Instructions to follow ▸
A faithful copy is required: transcribe each line below exactly, minus the pictures.

Data provided ▸
○ ○ ○
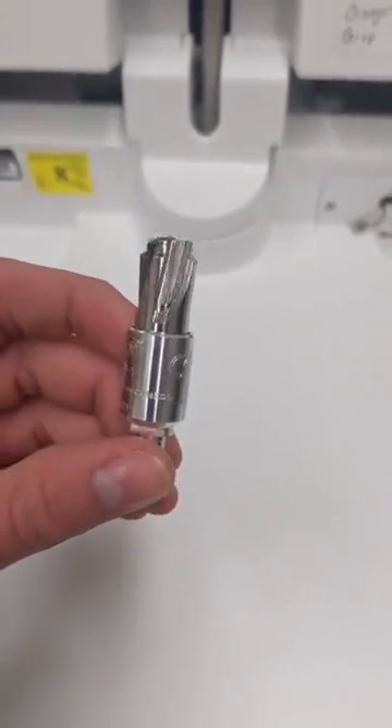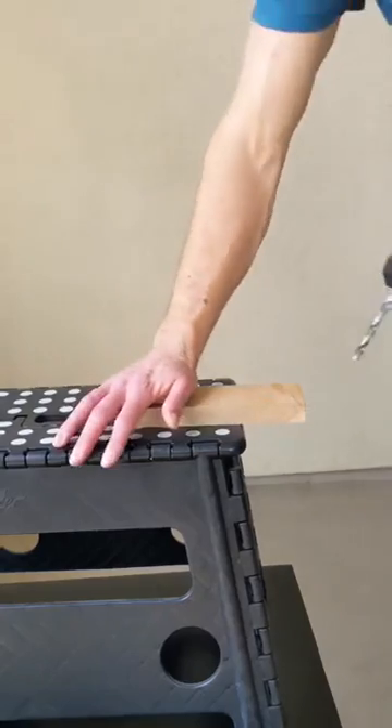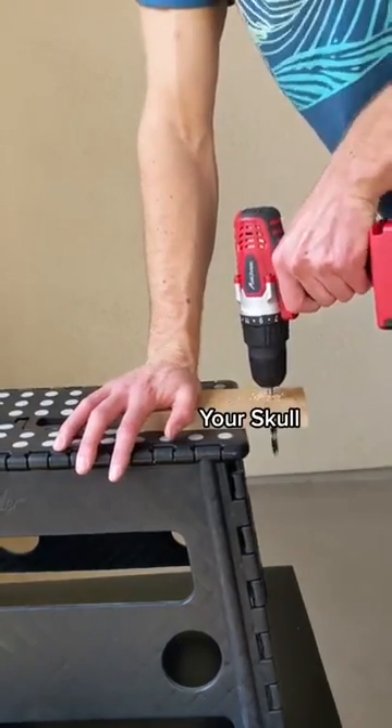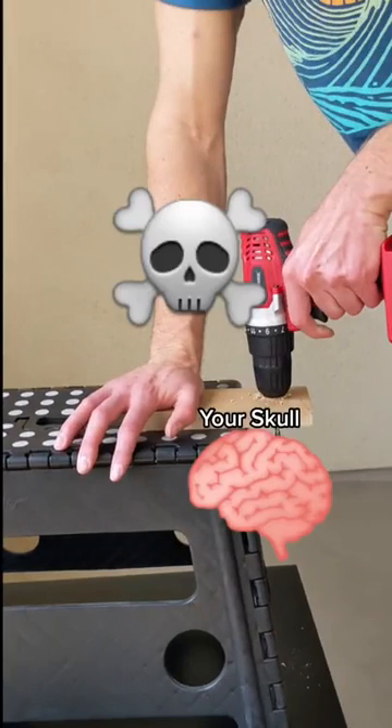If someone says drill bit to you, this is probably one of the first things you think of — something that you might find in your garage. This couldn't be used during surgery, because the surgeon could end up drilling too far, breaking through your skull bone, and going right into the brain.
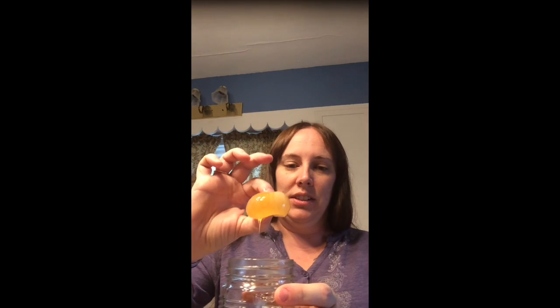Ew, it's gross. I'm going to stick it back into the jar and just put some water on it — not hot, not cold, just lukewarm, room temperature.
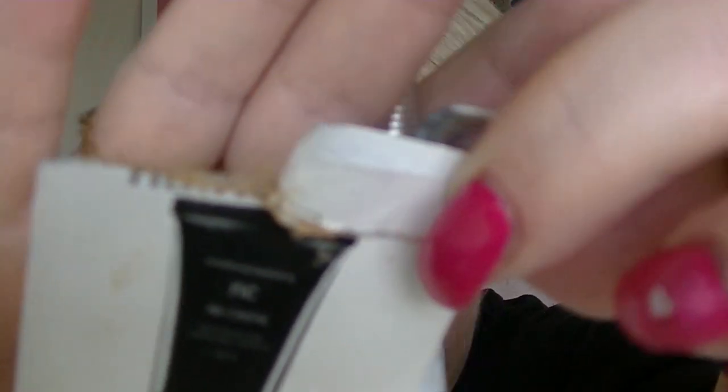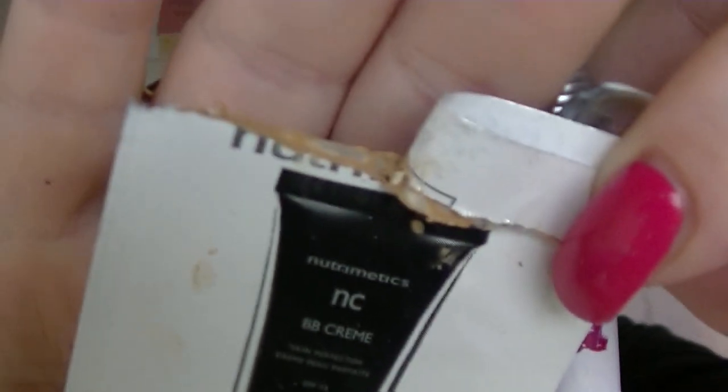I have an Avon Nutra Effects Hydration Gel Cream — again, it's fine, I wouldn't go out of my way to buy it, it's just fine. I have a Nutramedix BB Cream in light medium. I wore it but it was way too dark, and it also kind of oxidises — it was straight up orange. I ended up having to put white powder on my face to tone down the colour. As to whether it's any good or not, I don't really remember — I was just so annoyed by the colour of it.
○ ○ ○
Result of this task ▸
If someone says drill bit to you, this is probably one of the first things you think of — something that you might find in your garage. This couldn't be used during surgery, because the surgeon could end up drilling too far, breaking through your skull bone, and going right into the brain.
Ew, it's gross. I'm going to stick it back into the jar and just put some water on it — not hot, not cold, just lukewarm, room temperature.
I have an Avon Nutra Effects Hydration Gel Cream — again, it's fine, I wouldn't go out of my way to buy it, it's just fine. I have a Nutramedix BB Cream in light medium. I wore it but it was way too dark, and it also kind of oxidises — it was straight up orange. I ended up having to put white powder on my face to tone down the colour. As to whether it's any good or not, I don't really remember — I was just so annoyed by the colour of it.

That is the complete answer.